‘Yellowjackets’ Season 2, Episode 7 recap: Caligula and the angry punch

A queer icon’s guest appearance and some of the series’ darkest moments spell a stand-out episode of “Yellowjackets”

Yellowjackets is a show that lives and dies in contrasts, and how it delicately balances the two. For every moment of “there’s no book club?!” or Misty singing show tunes, there’s also the darkness of eating your best friend like barbeque or Misty maybe kind of sort of killing Crystal/Kristen. 

Threading that needle can be challenging, and the show isn’t always perfect at it. But when it works, it works.

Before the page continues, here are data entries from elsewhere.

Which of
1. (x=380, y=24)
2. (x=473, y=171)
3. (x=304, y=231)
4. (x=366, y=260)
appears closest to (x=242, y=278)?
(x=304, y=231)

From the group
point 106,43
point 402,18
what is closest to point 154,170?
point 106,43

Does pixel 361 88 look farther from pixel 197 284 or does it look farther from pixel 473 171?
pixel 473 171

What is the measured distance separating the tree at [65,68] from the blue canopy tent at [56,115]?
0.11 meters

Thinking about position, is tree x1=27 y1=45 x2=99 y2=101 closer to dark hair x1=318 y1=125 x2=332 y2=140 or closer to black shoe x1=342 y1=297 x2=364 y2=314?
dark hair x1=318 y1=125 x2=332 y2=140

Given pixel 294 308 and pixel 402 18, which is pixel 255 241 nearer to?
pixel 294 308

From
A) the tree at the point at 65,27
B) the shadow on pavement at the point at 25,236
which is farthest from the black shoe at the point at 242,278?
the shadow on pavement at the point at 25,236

Enter “Burial,” a standout episode for the series in how it delivers both unbelievable hilarity via that Caligula dream sequence, alongside some of the series’ most visually and emotionally brutal confrontations. Nowhere else can you get John Cameron Mitchell in bird drag along with an extended and bloody fight scene, teen girls musing about eating their friend and Melanie Lynskey holding a goat. I love it! And with only two episodes remaining in this season, I will miss Yellowjackets when it’s gone. 

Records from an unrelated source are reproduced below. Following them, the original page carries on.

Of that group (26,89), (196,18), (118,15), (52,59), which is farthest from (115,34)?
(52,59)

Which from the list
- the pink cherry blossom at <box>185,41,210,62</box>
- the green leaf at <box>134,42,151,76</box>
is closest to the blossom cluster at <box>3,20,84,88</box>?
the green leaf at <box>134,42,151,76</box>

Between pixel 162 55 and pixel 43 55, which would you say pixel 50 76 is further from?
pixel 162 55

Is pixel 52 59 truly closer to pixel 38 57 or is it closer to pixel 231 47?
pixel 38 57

We open on a sombre note, as Nirvana’s “Something in the Way” scores the cabin’s depression following the loss of Shauna’s baby. As the rest of the team gets a small spark when the snow finally stops and they’re able to leave the cabin, Shauna still clutches the bundle of blankets, giving the baby the eponymous burial in a small stone cairn outside.

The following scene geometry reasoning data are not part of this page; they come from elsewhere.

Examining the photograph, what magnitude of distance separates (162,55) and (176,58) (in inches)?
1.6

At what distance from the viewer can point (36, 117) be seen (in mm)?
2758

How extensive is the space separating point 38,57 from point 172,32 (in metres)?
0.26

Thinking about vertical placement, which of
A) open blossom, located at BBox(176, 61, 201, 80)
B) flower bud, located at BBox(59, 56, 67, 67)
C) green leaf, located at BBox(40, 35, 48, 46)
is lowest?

Shauna’s trauma around parenthood continues as a theme in the present day, as newly arrived at Lottie’s community, the reunited adult survivors each break off for their own “therapy.” Van is given “Foraging”—where she swiftly opts out and goes to “forage” a bottle of tequila. Taissa’s task of “Renewal” involves painting a building with a small brush. Misty’s is “Guidance,” which involves a trip to a float tank (more on that in a bit). And Shauna gets “Self-Care,” where she’s instructed to watch a goat named Bruce for the whole day.

All of these Ben flashbacks have to mean something, right?

Credit: Courtesy Showtime

It certainly says something about Shauna that her first assumption is she’ll have to kill the goat at the end of it. And when the goat briefly eats a piece of rope, she panics, saying, “It is one thing if I stab this goat later, but there is no way it’s dying while I’m watching it,” which certainly reveals some of her anxieties.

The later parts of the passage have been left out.